◆ **DATASET ENTRIES**:
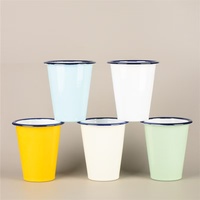 Tasse à café ou thé en émail personnalisée avec logo, 12 oz ou 15 oz, pour le camping, avec poignée, couvercle écologique et motif dessin animé – Vente en gros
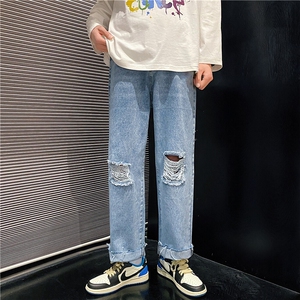 k707-p48-控68  破洞牛仔在高阶宽松大码牛仔裤cityboy图片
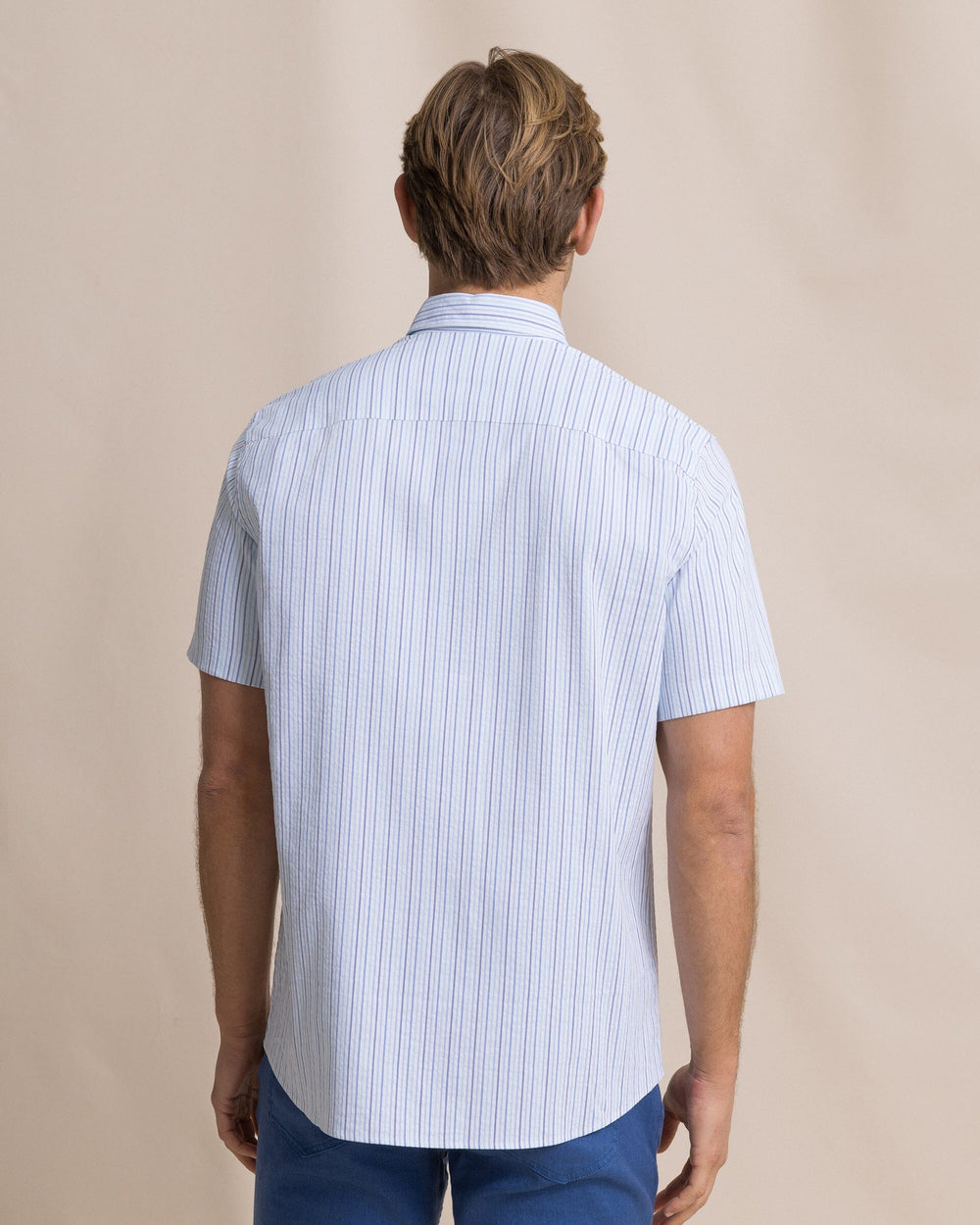 The back view of the Southern Tide Marina Seersucker Coastal Breeze® Short Sleeve Sport Shirt by Southern Tide - Tropical Breeze Blue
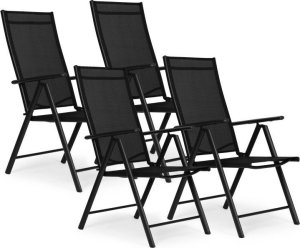 Zestaw Krzeseł Ogrodowych 4 sztuki Regulowane Czarne 2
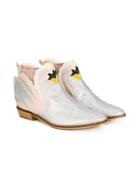 Stella Mccartney Kids Swan Glittered Ankle Boots - Metallic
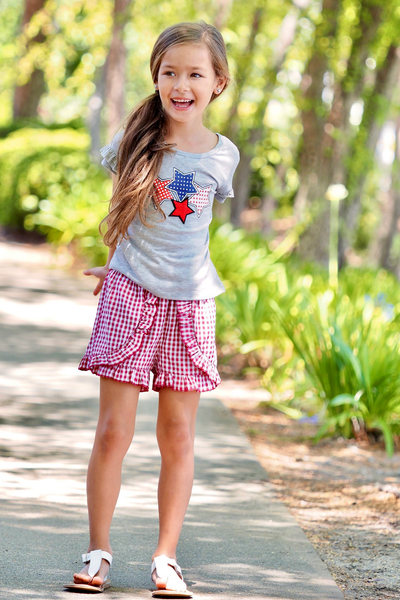 Little Girls 4th of July Red Plaid Frilled Shorts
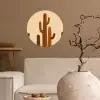 Cactus - Woestijn - Zand - Bruin Wandcirkel behangsticker klein -sfeer1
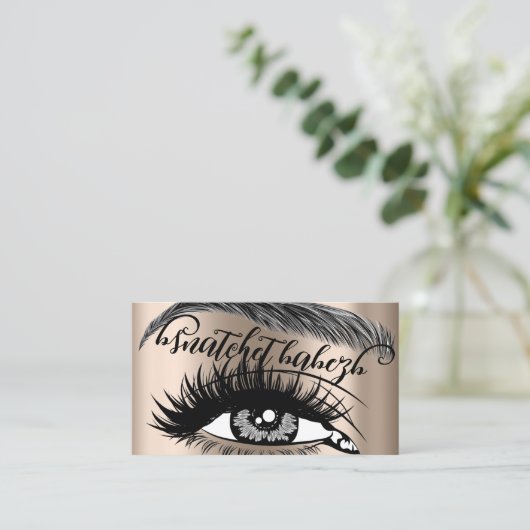 メイクアップまつ毛マイクロブラディングQRコードバラ 名刺 (スタンド正面)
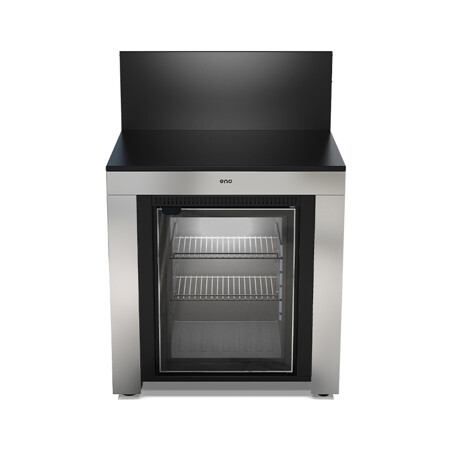 MODULO FRIGO 75L NERO E INOX Eno Piastre in ghisa smaltata | Il Mondo Del Barbecue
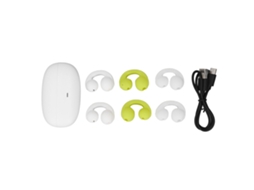 Aetheria fones de Ouvido Sem Fio Bluetooth 5.3 de Orelha Aberta com Estojo de Carregamento Controle Táctil Branco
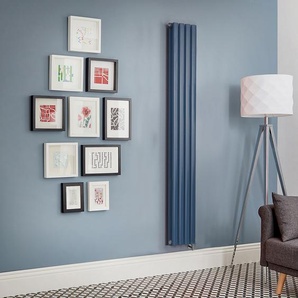 Elektrischer Design Heizkörper, vertikal, B 236mm, Blau (Deep Sea Blue) - Höhe, Thermostat & Kabelabdeckung wählbar - Revive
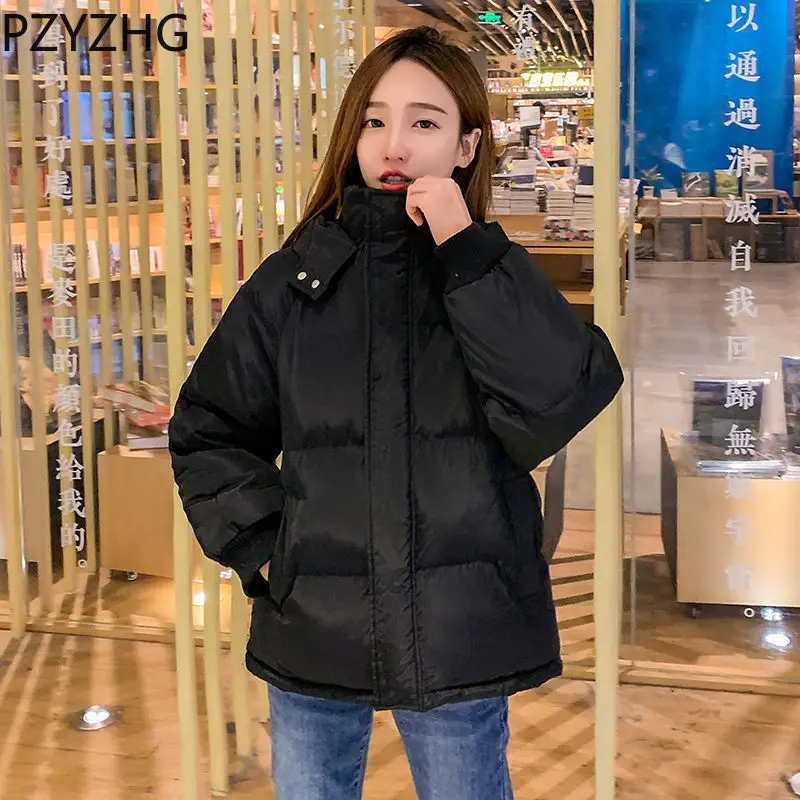 2023 New Women Down Cotton Coat Winter Jacket Female Hin Thin Pure Color Parkas Intensification Outwear Loose Overcoat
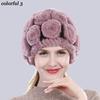 New Arrival Flowers Real Fur Hats Winter Russian Women Natural Rex Rabbit Fur Caps Lady Genuine Rex Rabbit Fur Beanies Cap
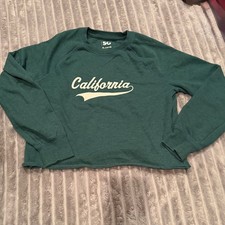 SO Girls California Cropped Crewneck Sweatshirt Green Size XL 14/16 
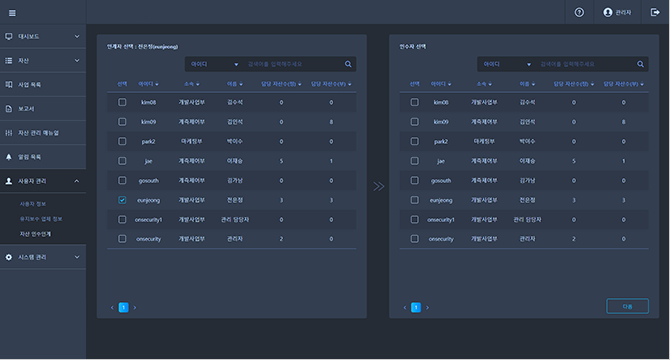 ONSecuNet AM for ICS 자산 인수인계 이미지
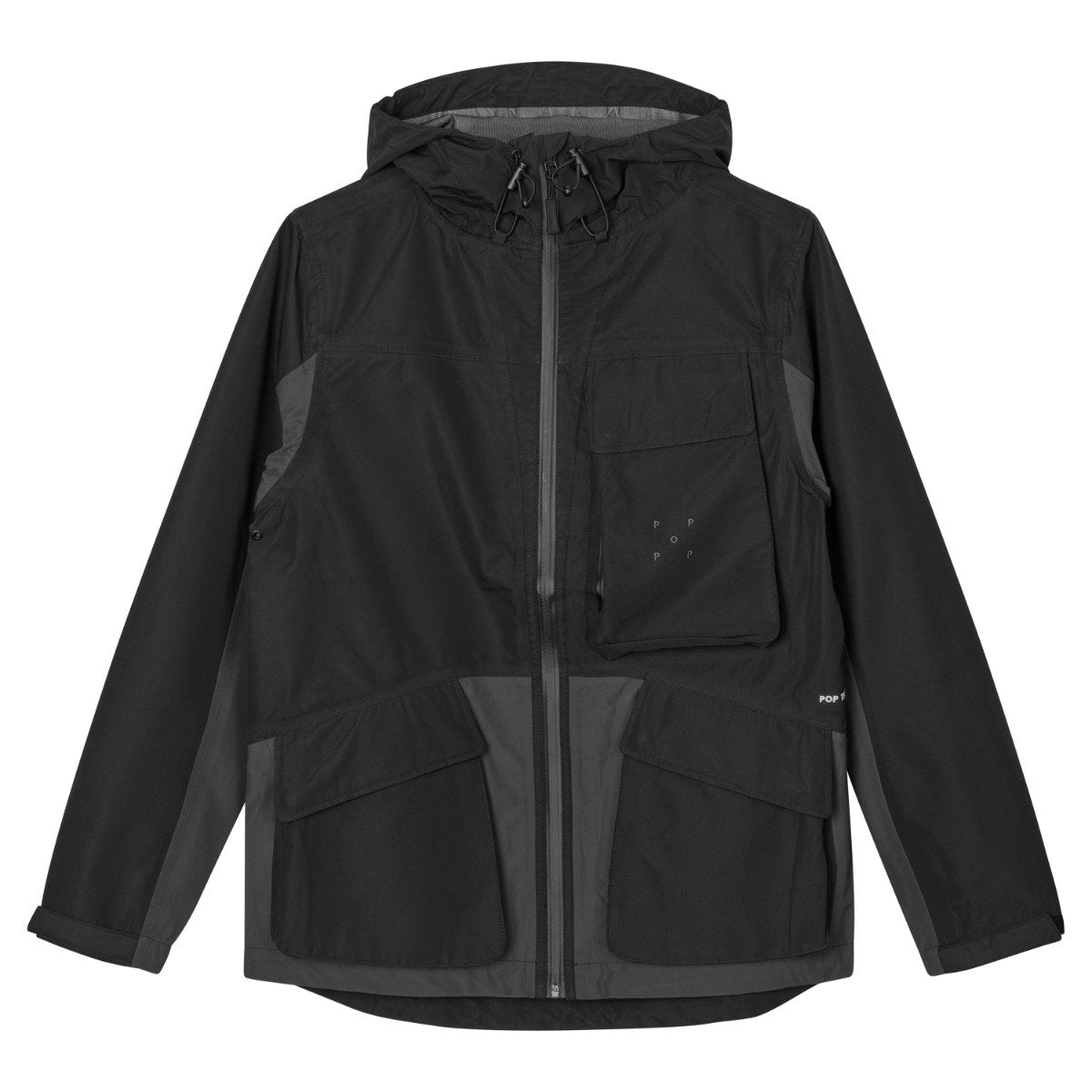Pop Trading Company - Big Pocket Hooded Tech Jacket - black / anthracite - Herre > Jakker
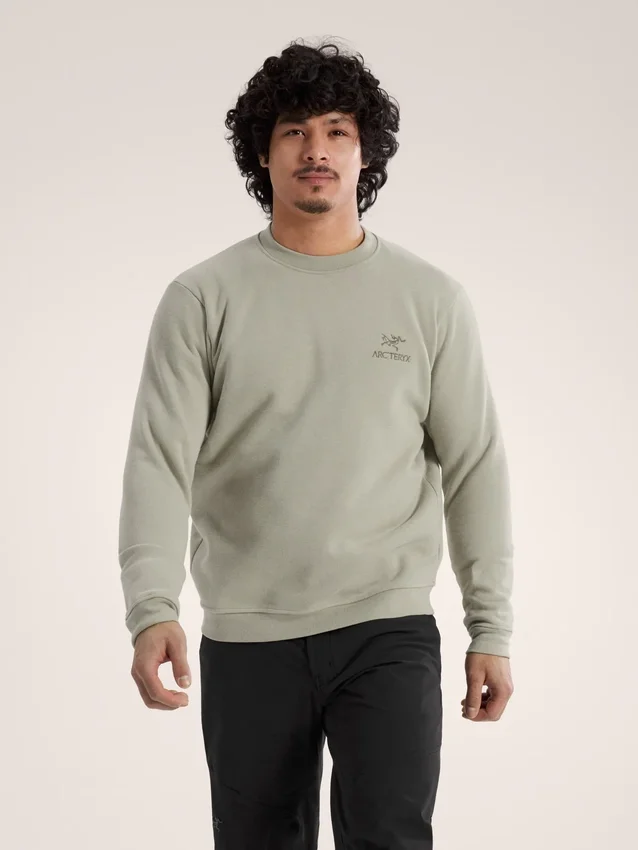 Fleece-tröja med Emblem och rund hals för män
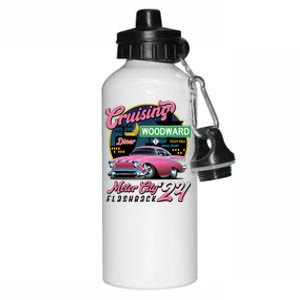 Cruising Woodward Motor City Flashback 2024 Pink Version Aluminum Water Bottle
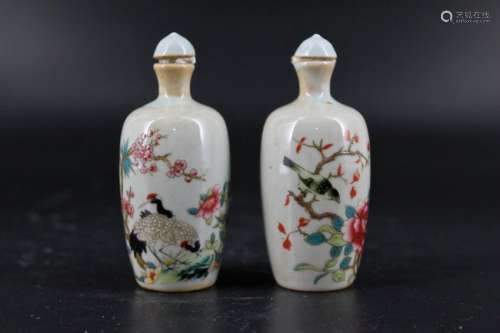 Pair of Qing Porcelain Famille Rose Snuff Bottle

◆ **EXERCISE DIRECTIONS**: From the line containing "ONSecuNet AM for ICS 자산 인수인계 이미지" through the final line of the records, write out each line exactly, and include no pictures.

◆ **YOUR RESPONSE**:
 ONSecuNet AM for ICS 자산 인수인계 이미지
Pop Trading Company - Big Pocket Hooded Tech Jacket - black / anthracite - Herre > Jakker
 Fleece-tröja med Emblem och rund hals för män
 Cruising Woodward Motor City Flashback 2024 Pink Version Aluminum Water Bottle
 Pair of Qing Porcelain Famille Rose Snuff Bottle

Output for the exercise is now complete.